BEGIN

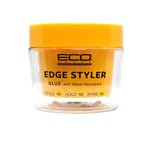 Styler Eco Glitter Pomade Strong Hold Edge Gel With Unicorn Flower Extract - 3 oz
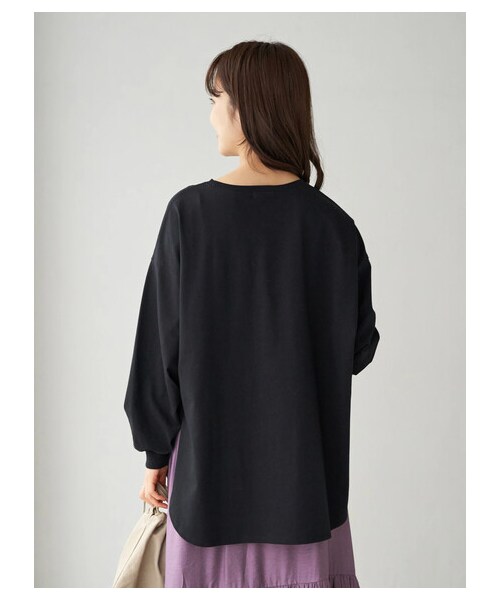 earth music&ecology(アースミュージックアンドエコロジー)の「The small step ロンT(トップス・オフホワイト/ブラック・F)」の16枚目の写真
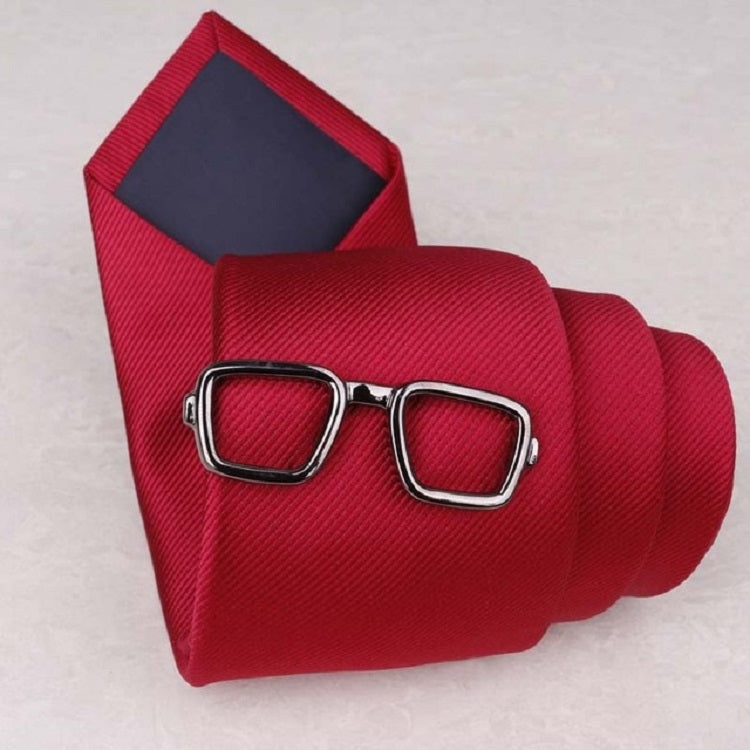 Copper Tie Clip Clothing Accessories, Style:Black Party Glasses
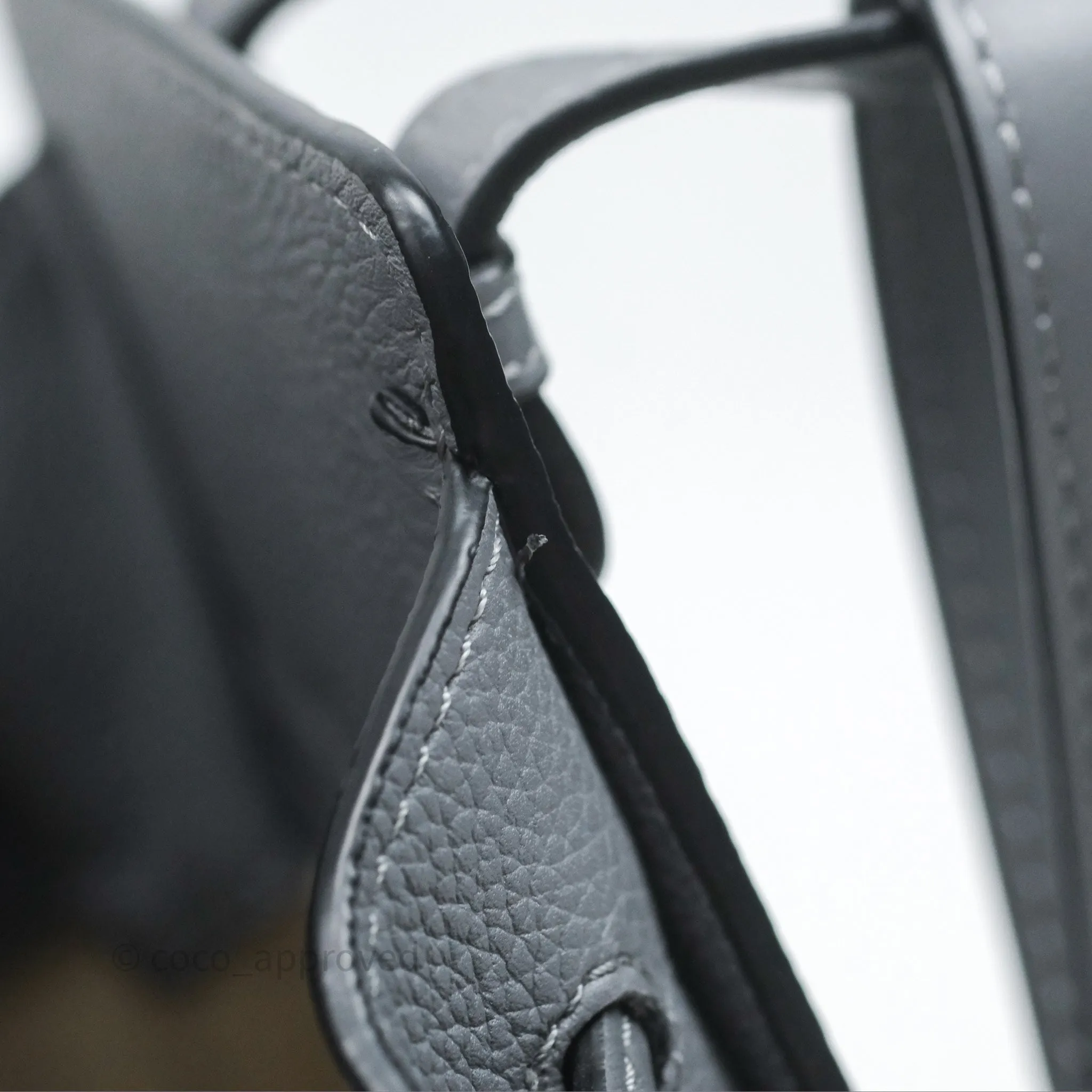 Loewe Mini Hammock Drawstring Asphalt Grey Calfskin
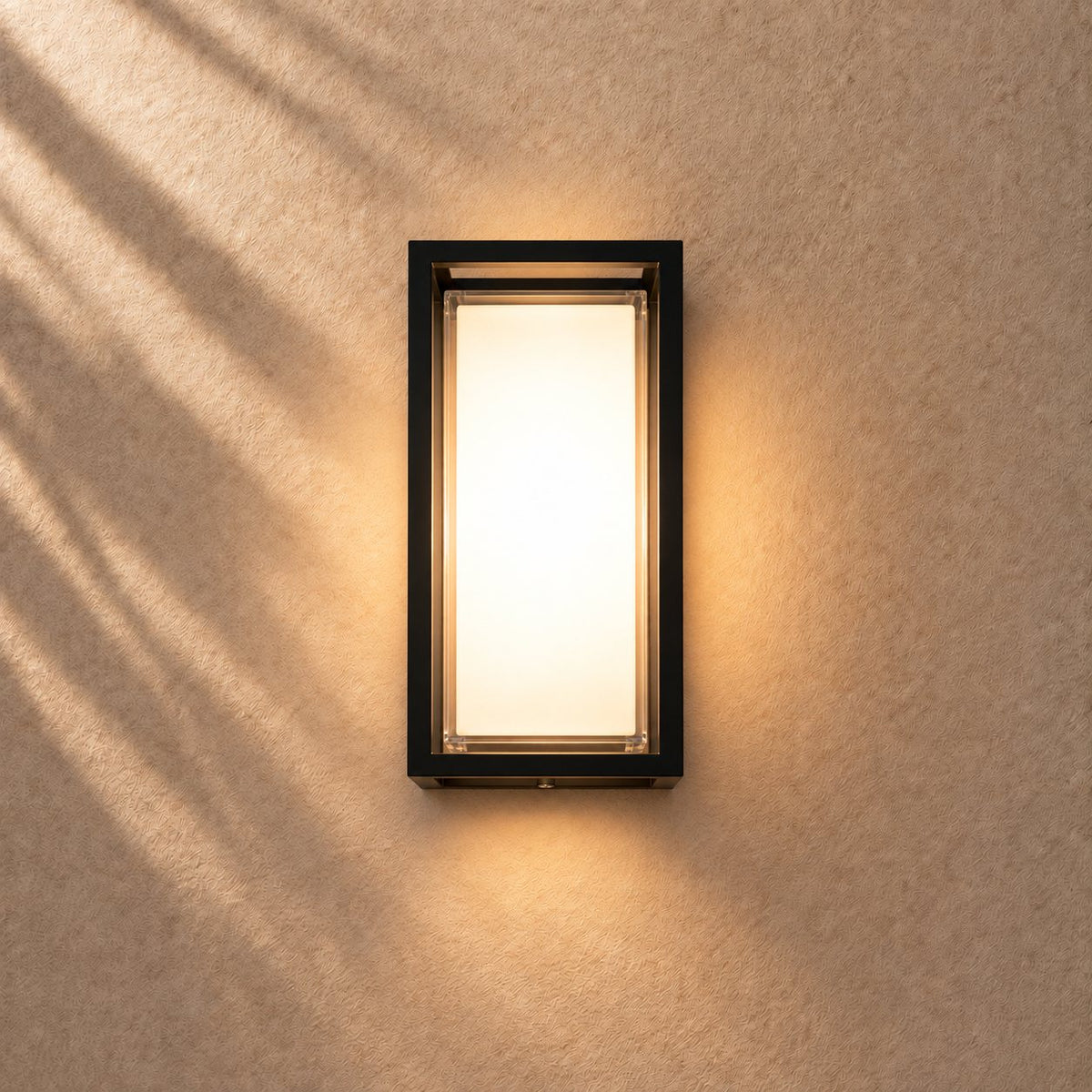 Modern Outdoor Wall Light LED Waterproof Aluminum Fixture for Porch Patio and Pathway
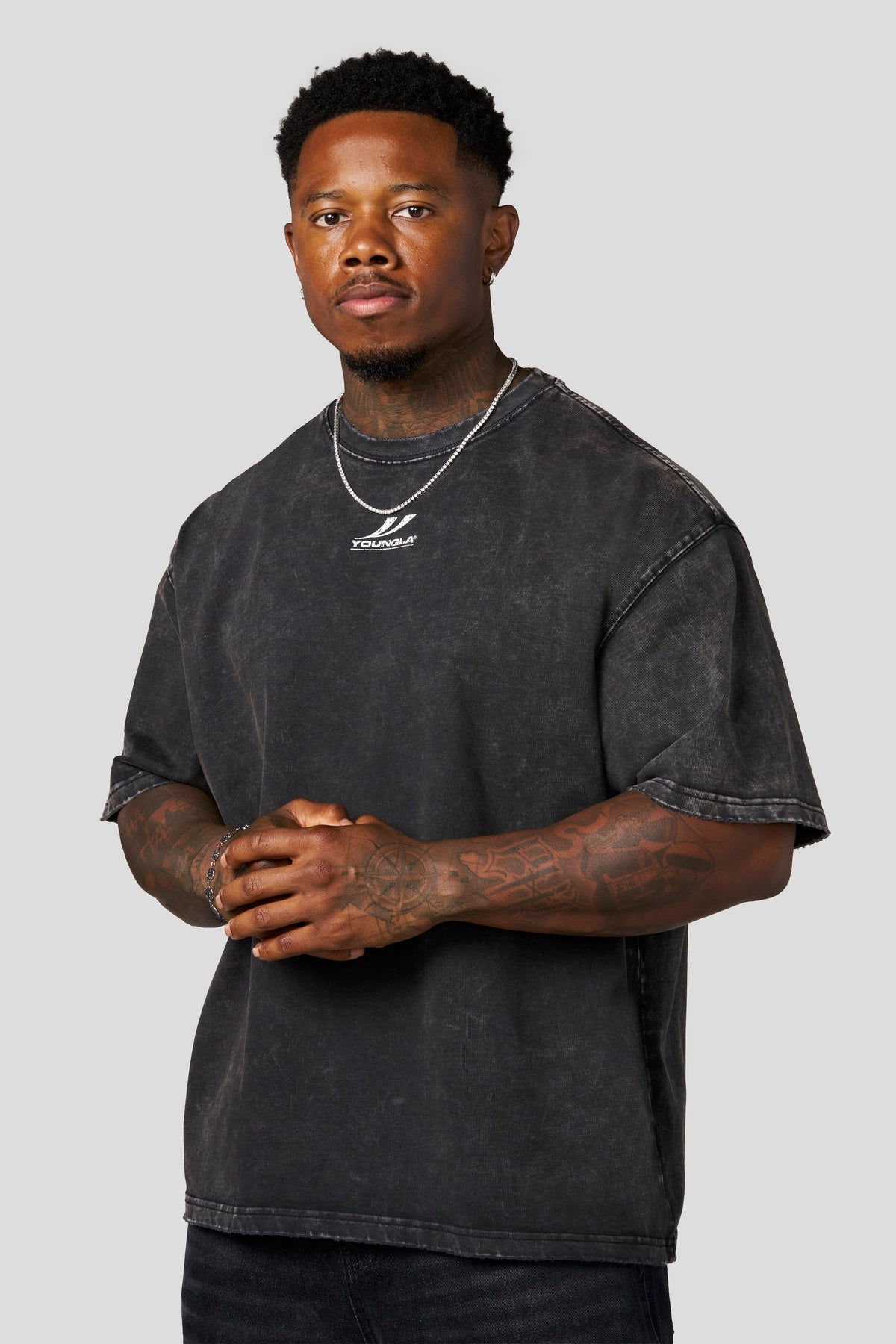 Heavyweight Tees - Grey Wash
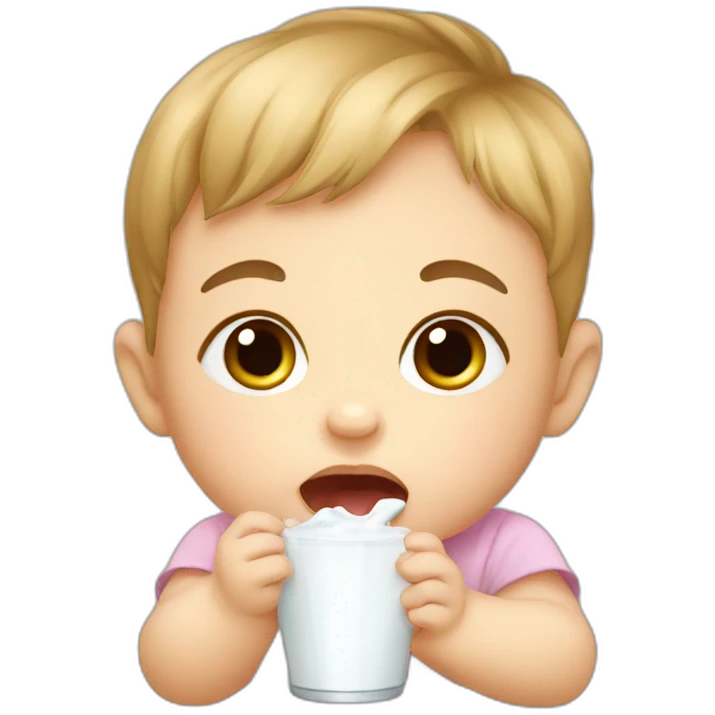 Baby eat milk emoji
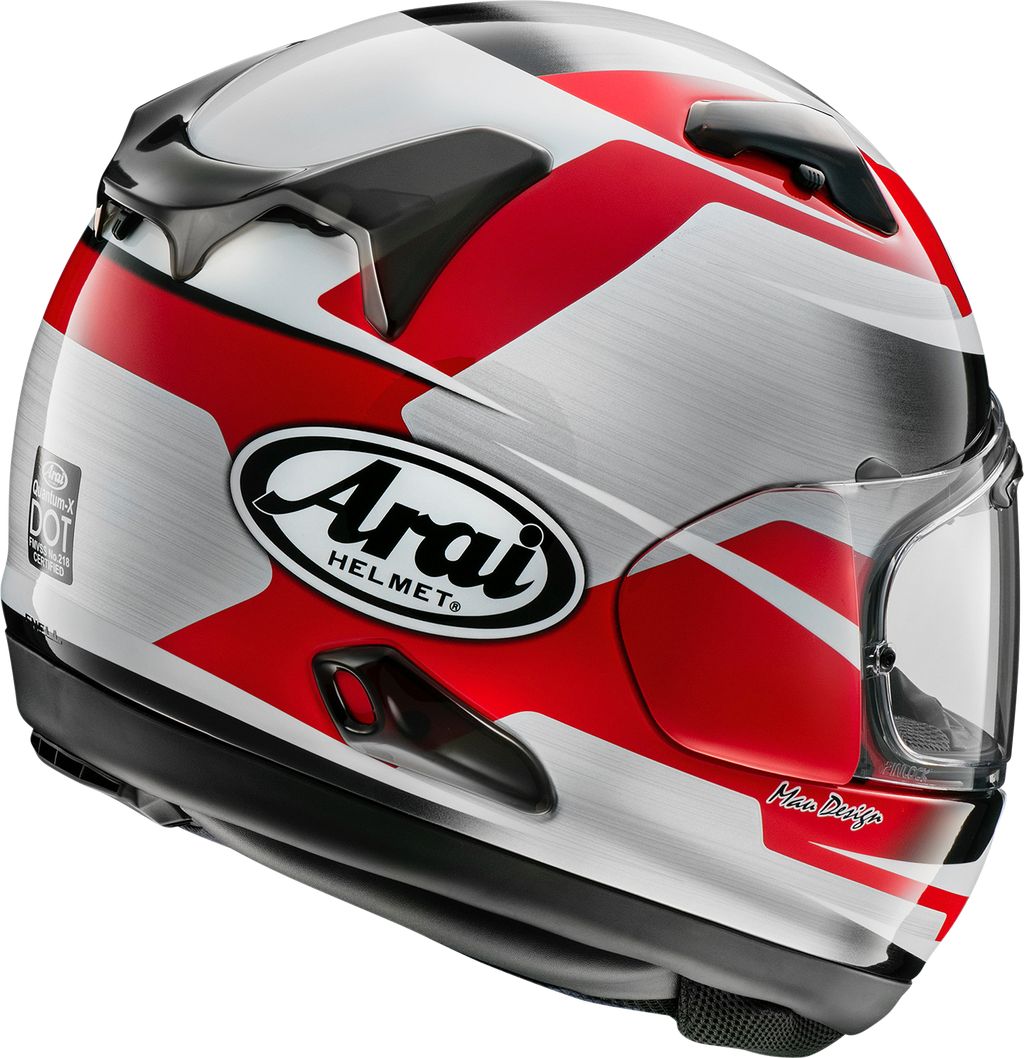 ARAI HELMETS, ARAI Helmets Quantum-X Helmet - Steel Red, Small - Enhanced Safety and Comfort for Wide-Headed Riders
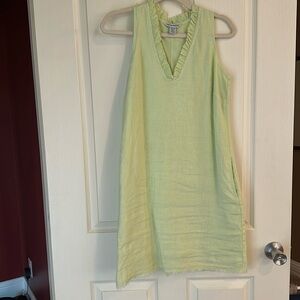 Tommy Bahama XS linen dress.  Mint green mini.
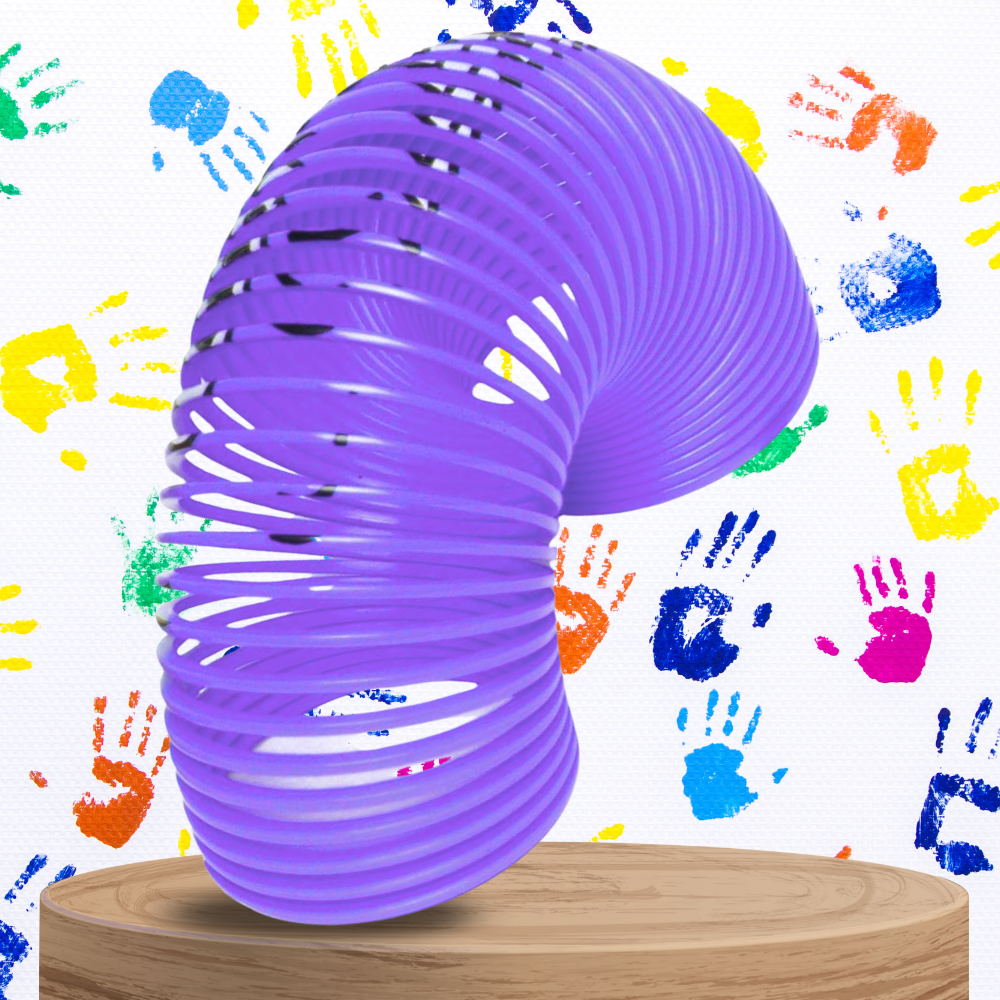Maģiskā atspere bērniem Magic Springs ar emocijzīmēm, violeta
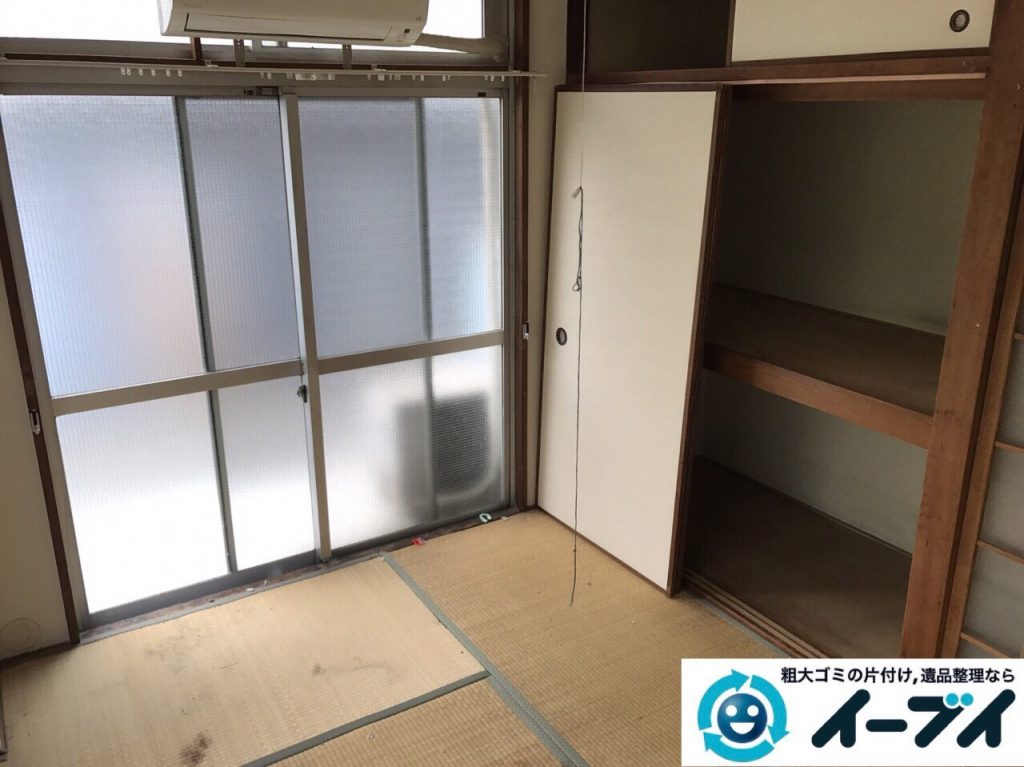 2017年8月26日大阪府大阪市旭区で汚部屋状態のゴミ屋敷の片付けをしました（和室）前編写真7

END

* [YOUR ASSIGNMENT] Retype the material above exactly, images excluded.

* [RESULT FOR THIS TASK]
 Styler Eco Glitter Pomade Strong Hold Edge Gel With Unicorn Flower Extract - 3 oz
 earth music&ecology(アースミュージックアンドエコロジー)の「The small step ロンT(トップス・オフホワイト/ブラック・F)」の16枚目の写真
 Copper Tie Clip Clothing Accessories, Style:Black Party Glasses
 Loewe Mini Hammock Drawstring Asphalt Grey Calfskin
 Modern Outdoor Wall Light LED Waterproof Aluminum Fixture for Porch Patio and Pathway
 Heavyweight Tees - Grey Wash
 Baby eat milk emoji
 ARAI HELMETS, ARAI Helmets Quantum-X Helmet - Steel Red, Small - Enhanced Safety and Comfort for Wide-Headed Riders
 Tommy Bahama XS linen dress.  Mint green mini.
Maģiskā atspere bērniem Magic Springs ar emocijzīmēm, violeta
 2017年8月26日大阪府大阪市旭区で汚部屋状態のゴミ屋敷の片付けをしました（和室）前編写真7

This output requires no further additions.